EXHIBIT 5
MANAGEMENT CONTRACT
between
FIDELITY EXCHANGE FUND
and
FIDELITY MANAGEMENT & RESEARCH COMPANY
AGREEMENT made this 1st day of November, 1988, by and between
Fidelity Exchange Fund, a Massachusetts business trust which may issue
one or more series of shares of beneficial interest (hereinafter
called the "Fund"), and Fidelity Management & Research Company, a
Massachusetts corporation (hereinafter called the "Adviser").
1. (a) Investment Advisory Services. The Adviser undertakes to act as
investment adviser of the Fund and shall, subject to the supervision
of the Fund's Board of Trustees, direct the investments of the Fund in
accordance with the investment objective, policies and limitations as
provided in the Fund's Prospectus or other governing instruments, as
amended from time to time, the Investment Company Act of 1940 and
rules thereunder, as amended from time to time (the "1940 Act"), and
such other limitations as the Fund may impose by notice in writing to
the Adviser. The Adviser shall also furnish for the use of the Fund
office space and all necessary office facilities, equipment and
personnel for servicing the investments of the Fund; and shall pay the
salaries and fees of all officers of the Fund, of all Trustees of the
Fund who are "interested persons" of the Fund or of the Adviser and of
all personnel of the Fund or the Adviser performing services relating
to research, statistical and investment activities and, either itself
or through such person as approved by the Trustees, shall compute the
net asset value of the shares of beneficial interest of the Fund as
provided in the Fund's Declaration of Trust, and shall maintain the
portfolio and general accounting records of the Fund. The Adviser is
authorized, in its discretion and without prior consultation with the
Fund, to buy, sell, lend and otherwise trade in any stocks, bonds and
other securities and investment instruments on behalf of the Fund. The
investment policies and all other actions of the Fund are and shall at
all times be subject to the control and direction of the Fund's Board
of Trustees.
(b) Management Services. The Adviser shall perform (or arrange for
the performance by its affiliates of) the management and
administrative services necessary for the operation of the Fund.
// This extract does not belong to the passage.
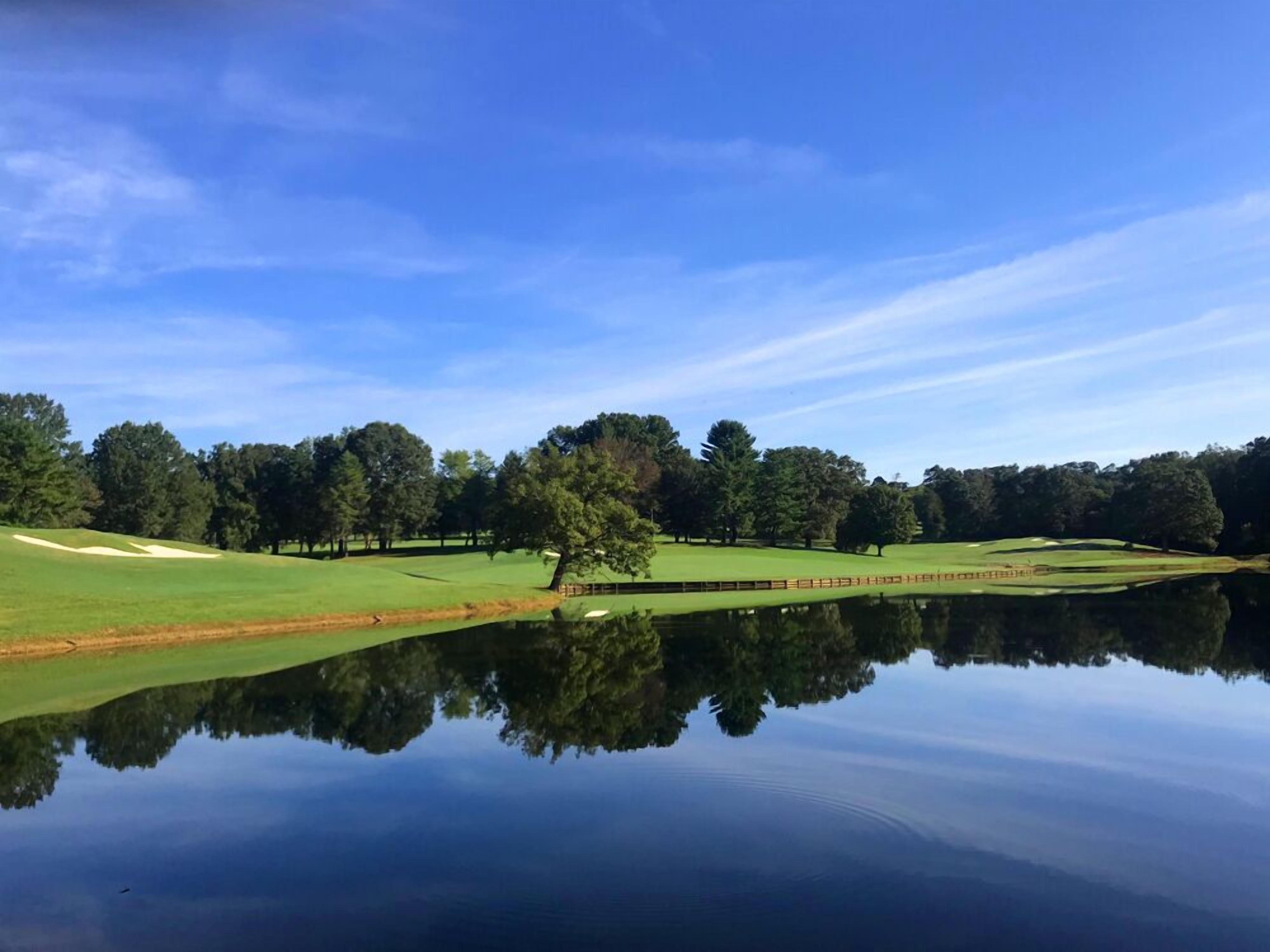 A serene golf course with a pond reflecting the landscape, surrounded by trees and a clear sky.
The
Adviser shall, subject to the supervision of the Board of Trustees,
perform various services for the Fund, including but not limited to:
(i) providing the Fund with office space, equipment and facilities
(which may be its own) for maintaining its organization; (ii) on
behalf of the Fund, supervising relations with, and monitoring the
performance of, custodians, depositories, transfer and pricing agents,
accountants, attorneys, underwriters, brokers and dealers, insurers
and other persons in any capacity deemed to be necessary or desirable;
(iii) preparing all general shareholder communications, including
shareholder reports; (iv) conducting shareholder relations; (v)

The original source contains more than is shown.